Data items:

== Segment start ==

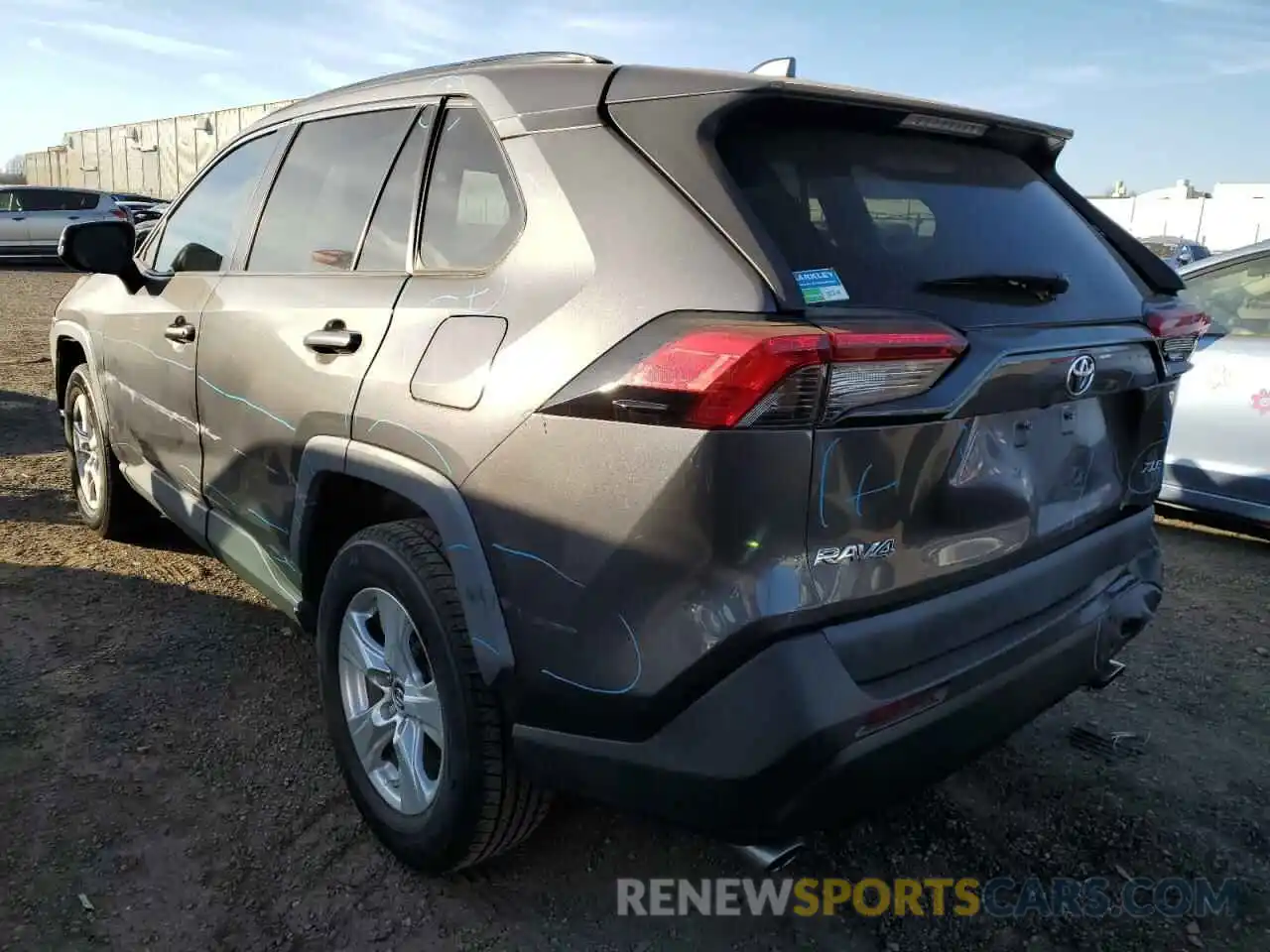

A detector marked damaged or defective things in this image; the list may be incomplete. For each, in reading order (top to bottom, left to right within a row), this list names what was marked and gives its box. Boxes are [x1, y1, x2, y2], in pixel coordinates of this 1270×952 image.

damaged toyota rav4 [47, 50, 1199, 869]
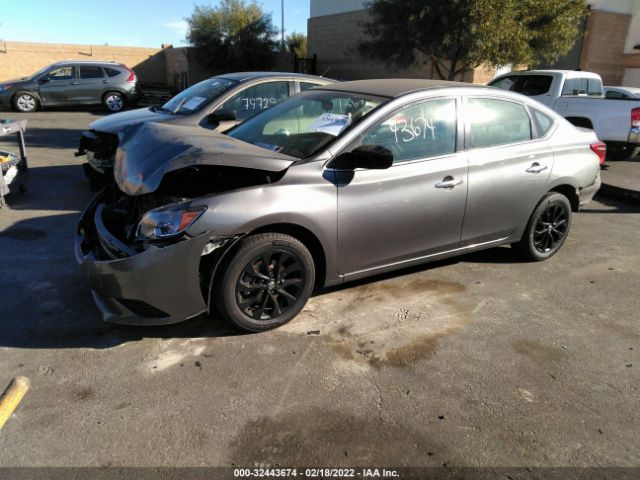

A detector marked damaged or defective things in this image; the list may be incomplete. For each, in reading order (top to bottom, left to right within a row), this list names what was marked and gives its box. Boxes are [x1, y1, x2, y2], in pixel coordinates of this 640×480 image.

bent hood [89, 106, 172, 133]
bent hood [114, 122, 296, 195]
cracked headlight [136, 203, 206, 240]
damaged gray sedan [77, 80, 604, 332]
crushed front bumper [75, 193, 212, 324]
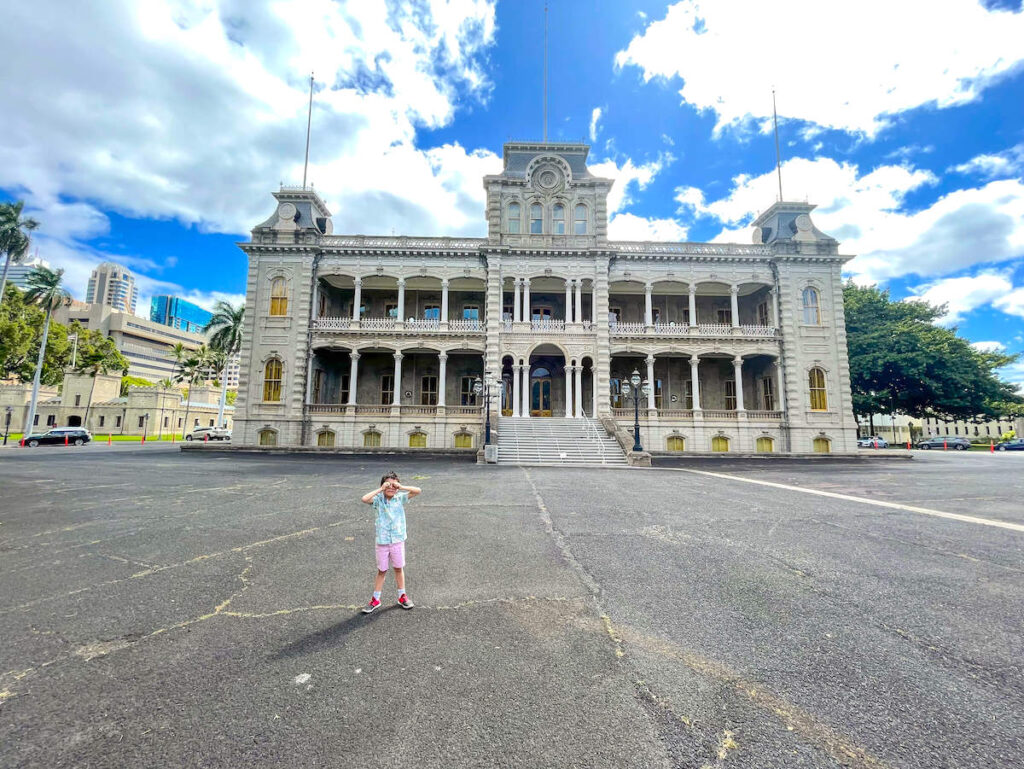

== Segment end ==

Work required: Exactly as they appear, repeat the lines from the one containing "this 640×480 image." through the last line of the entries, counting both ends. Pictures stay out.

Answer for the task:
A detector marked damaged or defective things in this image; the list may be incomplete. For each, in reading order (top to bottom, left to right within a row), this list names what was marked and gives its box. Boxes are [x1, y1, x2, y2], in pixel coordinates of this 640×480 image.

bent hood [89, 106, 172, 133]
bent hood [114, 122, 296, 195]
cracked headlight [136, 203, 206, 240]
damaged gray sedan [77, 80, 604, 332]
crushed front bumper [75, 193, 212, 324]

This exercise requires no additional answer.